Mum’s cooking tip: toenails must be trimmed off
When my Thai mother cooks, she always makes two different dishes. One is the farang, the Thai word for foreigners, commonly used to refer to white people. Where for my father, my sister and me, she uses a frozen bag of mixed vegetables, a cut of meat, and boiled potatoes, paired with spring onions she grew herself.
The other is her food. She calls it ‘jungle food.’ Fried fish, chicken legs, beef tongue, and of course, chilli. So much chilli. Sometimes the stench is so thick that when she cooks, she has to open all the doors and windows. It lifts in the air, as deadly as smoke, gripping the back of my throat and making us all choke on our coughs.
I can’t stand the taste of chillies. That’s almost blasphemous for me to say. Mum grows them on every free patch of soil we have. They fill up every nook and cranny in our freezer. They somehow sneak their flavour into every pot and pan. Chillies are a staple in our household, in the same way that the fridge is immovable, or the same way that the rice cooker is permanently etched into the bench.
I can’t decide if I dislike Thai food because of the tangy, spicy taste of chillies Mum pours into every dish, or if I just have no appetite for traditional Thai food. I’m Thai, but I can’t stand Thai food. It is an oxymoron that always makes me cringe whenever I say it out loud.

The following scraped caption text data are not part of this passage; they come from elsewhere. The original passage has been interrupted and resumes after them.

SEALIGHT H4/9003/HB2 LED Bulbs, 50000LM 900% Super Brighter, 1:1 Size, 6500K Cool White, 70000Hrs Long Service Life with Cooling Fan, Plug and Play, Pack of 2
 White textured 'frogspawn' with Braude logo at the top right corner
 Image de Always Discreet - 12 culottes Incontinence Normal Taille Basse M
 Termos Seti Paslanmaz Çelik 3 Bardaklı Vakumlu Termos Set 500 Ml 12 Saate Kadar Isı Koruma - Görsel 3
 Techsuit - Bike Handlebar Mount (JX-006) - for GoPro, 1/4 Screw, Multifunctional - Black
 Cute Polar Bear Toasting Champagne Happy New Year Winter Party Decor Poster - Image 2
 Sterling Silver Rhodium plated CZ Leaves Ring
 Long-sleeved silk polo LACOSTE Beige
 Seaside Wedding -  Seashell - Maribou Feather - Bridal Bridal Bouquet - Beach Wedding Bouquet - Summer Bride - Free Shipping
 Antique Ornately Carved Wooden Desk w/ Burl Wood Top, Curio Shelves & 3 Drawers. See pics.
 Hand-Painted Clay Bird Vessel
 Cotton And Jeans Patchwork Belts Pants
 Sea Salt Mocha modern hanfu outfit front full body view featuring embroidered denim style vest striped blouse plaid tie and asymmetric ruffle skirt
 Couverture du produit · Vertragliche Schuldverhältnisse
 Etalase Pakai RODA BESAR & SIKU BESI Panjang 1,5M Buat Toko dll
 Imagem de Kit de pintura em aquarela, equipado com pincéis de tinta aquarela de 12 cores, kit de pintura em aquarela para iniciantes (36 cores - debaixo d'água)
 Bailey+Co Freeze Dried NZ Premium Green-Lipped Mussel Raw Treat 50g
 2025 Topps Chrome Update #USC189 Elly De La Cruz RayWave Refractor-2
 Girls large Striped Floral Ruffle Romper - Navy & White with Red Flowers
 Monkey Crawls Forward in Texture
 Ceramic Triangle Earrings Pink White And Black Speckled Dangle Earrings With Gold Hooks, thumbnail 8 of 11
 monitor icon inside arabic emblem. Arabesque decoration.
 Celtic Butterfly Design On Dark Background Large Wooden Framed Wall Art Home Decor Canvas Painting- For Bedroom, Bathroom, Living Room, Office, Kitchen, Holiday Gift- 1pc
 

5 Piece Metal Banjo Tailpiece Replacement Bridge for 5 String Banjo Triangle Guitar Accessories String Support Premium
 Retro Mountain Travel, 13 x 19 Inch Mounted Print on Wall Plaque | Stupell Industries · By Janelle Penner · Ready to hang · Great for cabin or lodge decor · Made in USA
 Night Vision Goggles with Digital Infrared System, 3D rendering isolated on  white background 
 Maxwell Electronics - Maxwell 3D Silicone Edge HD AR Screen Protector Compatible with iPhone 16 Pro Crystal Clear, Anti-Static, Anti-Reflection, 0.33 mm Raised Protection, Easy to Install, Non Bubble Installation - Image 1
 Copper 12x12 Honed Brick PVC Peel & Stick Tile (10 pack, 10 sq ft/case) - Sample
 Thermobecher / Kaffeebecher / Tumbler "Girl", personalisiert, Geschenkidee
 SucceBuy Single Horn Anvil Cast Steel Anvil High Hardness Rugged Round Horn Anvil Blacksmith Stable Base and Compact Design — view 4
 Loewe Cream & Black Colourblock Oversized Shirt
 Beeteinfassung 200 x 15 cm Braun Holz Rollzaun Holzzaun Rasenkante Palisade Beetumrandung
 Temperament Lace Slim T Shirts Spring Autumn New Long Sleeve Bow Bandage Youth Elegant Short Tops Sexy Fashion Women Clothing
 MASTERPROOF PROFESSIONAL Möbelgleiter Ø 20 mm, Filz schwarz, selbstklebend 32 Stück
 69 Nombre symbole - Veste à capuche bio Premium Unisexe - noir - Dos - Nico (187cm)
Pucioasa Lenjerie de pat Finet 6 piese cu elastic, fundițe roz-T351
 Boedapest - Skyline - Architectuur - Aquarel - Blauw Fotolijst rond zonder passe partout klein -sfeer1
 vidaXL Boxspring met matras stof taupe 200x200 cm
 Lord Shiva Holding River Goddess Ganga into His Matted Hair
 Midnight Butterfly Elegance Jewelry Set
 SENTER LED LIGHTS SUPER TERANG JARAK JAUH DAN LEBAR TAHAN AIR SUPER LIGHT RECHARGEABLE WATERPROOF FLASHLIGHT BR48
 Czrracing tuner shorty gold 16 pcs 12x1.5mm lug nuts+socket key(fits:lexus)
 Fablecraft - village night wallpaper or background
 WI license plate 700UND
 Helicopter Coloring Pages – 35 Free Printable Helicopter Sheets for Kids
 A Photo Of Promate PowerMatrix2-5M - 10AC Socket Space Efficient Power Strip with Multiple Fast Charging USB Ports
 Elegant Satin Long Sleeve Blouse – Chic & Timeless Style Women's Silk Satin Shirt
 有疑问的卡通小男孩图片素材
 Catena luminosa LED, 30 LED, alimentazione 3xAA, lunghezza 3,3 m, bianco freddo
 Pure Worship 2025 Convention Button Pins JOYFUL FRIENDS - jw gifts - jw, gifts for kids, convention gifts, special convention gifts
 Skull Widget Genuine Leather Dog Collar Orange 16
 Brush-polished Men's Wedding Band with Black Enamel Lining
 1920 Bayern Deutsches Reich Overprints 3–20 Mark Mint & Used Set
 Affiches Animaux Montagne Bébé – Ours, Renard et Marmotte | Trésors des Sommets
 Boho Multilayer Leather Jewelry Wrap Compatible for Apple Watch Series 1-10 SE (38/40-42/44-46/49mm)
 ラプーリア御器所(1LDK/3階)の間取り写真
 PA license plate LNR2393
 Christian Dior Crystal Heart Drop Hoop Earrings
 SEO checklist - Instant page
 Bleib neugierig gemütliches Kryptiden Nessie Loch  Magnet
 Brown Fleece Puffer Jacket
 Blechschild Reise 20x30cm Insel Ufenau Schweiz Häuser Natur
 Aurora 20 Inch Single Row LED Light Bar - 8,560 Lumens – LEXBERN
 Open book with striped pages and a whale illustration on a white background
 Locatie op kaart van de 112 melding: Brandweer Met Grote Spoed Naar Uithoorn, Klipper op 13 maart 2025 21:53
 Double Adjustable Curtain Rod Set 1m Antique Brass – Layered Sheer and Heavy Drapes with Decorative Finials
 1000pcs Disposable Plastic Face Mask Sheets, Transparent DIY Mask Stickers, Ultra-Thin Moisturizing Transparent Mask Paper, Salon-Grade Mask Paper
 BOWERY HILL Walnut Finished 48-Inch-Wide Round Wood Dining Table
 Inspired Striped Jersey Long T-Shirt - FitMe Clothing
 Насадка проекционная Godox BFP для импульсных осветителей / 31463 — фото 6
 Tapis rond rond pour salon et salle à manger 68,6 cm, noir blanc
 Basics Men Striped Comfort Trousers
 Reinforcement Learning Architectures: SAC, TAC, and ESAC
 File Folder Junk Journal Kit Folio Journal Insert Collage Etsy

“Does your mum cook Thai food?”
This question usually comes up when I get asked about my heritage.
“Yes. I don’t eat it though.”
“You don’t like Thai food? How can you not?” they then ask, all agog.
Yes, person I have just met, it is something I have fought with myself for years and years now. I have been trying to get myself to like my mother’s food, to feel more connected to a culture I am entirely exempt from because I don’t speak the language or embrace the customs in our home. I can’t even like her food, the bare minimum. And it makes me feel less Thai somehow, as if my taste buds have a direct effect on my cultural identity.
Instead I shrug. It’s easier than explaining, “I just don’t.”
I was raised on fish and chips by the beach. On a Bunnings snag that my tradie father gave us on a day trip, on the classic homemade mince and cheese pies sold from the bakery that sits up the road from our house. Anything more flavourful than a spiced apple-and-pork sausage roll is too much for me. Pathetic, I know.
However, my aversion to her ‘‘jungle food’ is nothing compared to her own internal discomfort. I ask her questions as I type this out.
“I’m writing an article about Thai food. What’s the name of the chicken feet soup you make?”
“Why are you writing about Thai food?” She is displeased; I can tell by her expression.
“There are better things to write about,” hisses the furrow in her brow. I don’t want you to write about that”, whispers the downward curl of her lip.
“Thai noodles with fish curry and chicken feet,” she says instead.
I don’t think I’ll ever brave the dish myself, but it makes for a good title.
Another time, during my second year of high school, I had a shared lunch in my homeroom. Mum always revels in shared school lunches. She loves to show off her cooking talents; she hounds me for the reception her dishes receive the second I walk through the door. She worked at St. Pierres for a few years and did her time at a Pak’n’Save Deli; consequently, she is an excellent sushi-maker and gourmet-sandwich extraordinaire. She takes great pride in these skills.
“Can you cook Thai food instead?” I ask. “Everyone likes Thai food.”
She wrinkles her nose. “They won’t like my food. I’ll make sushi.”
Back then, I didn’t understand. Her ‘jungle food’ is beautiful, even if I didn’t particularly like it. Fish sizzling in the pot. Cling-wrapped bundles of spiced meat, lining up in the fridge. Thai pudding wrapped in banana leaves. Reduced-to-clear mangoes, mashed into a paste and spread thin onto baking paper. It dries on the porch in the summer sun, and she rolls them into flaking curls that taste tart and sweet at the same time (I like this one.)
Now I’m a few years past the shared school lunches. The start of 2023 brings a lunar new year celebration at our home; a rarity for my self-described hermit parents. Mum’s Thai friends swoop into our kitchen, bringing endless trays of meat, laden high with raw chicken, beef and pork. The backyard barbeque is lit and constantly in use, chilli smoke curling into the air. Children weave between my legs. I wade through throngs of people, aiming for the full food table. On one side of the table is Mum’s jungle food. On the other, farang food for the farang husbands.
I make my plate and perch on the edge of Mum’s circle of friends, attempting to make sense of the conversation I can’t understand, my plate piled high with food I’ll attempt to eat out of politeness.